• _INPUT DATA_:
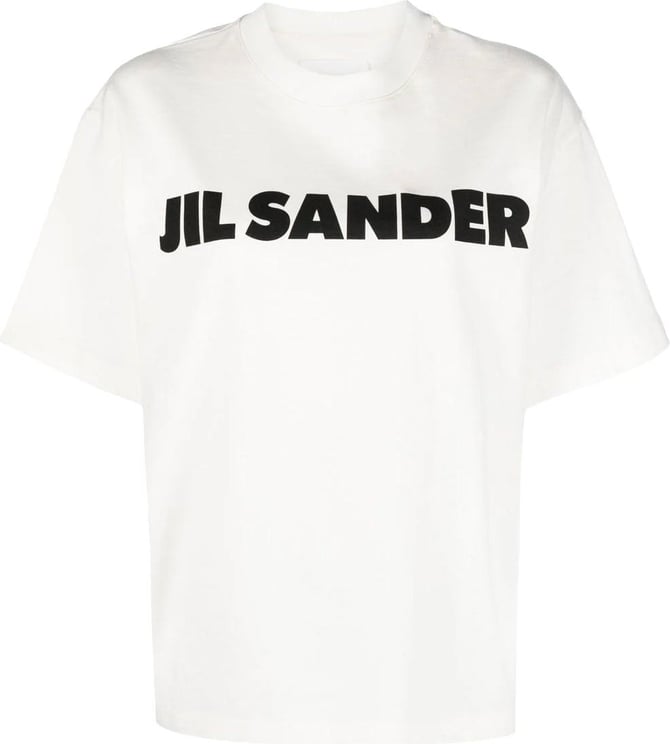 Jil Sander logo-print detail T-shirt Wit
==
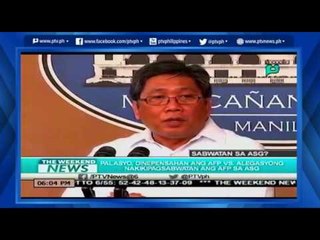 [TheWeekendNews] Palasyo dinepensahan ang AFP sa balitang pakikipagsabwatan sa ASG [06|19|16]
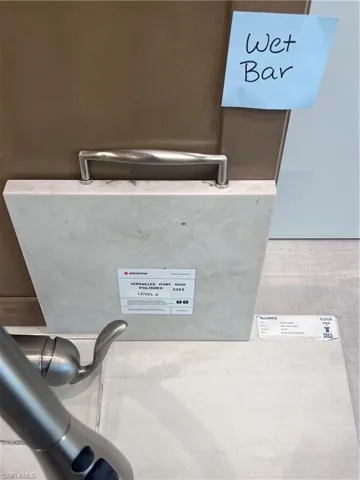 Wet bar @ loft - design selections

• _DIRECTIONS FOR THIS TASK_:
A clean copy is needed of the lines above from the one with "[TheWeekendNews] Palasyo dinepensahan" up to and including the one with "Wet bar @ loft - design selections". Please set it down exactly, with no pictures.

• _EXERCISE RESPONSE_:
 [TheWeekendNews] Palasyo dinepensahan ang AFP sa balitang pakikipagsabwatan sa ASG [06|19|16]
 Wet bar @ loft - design selections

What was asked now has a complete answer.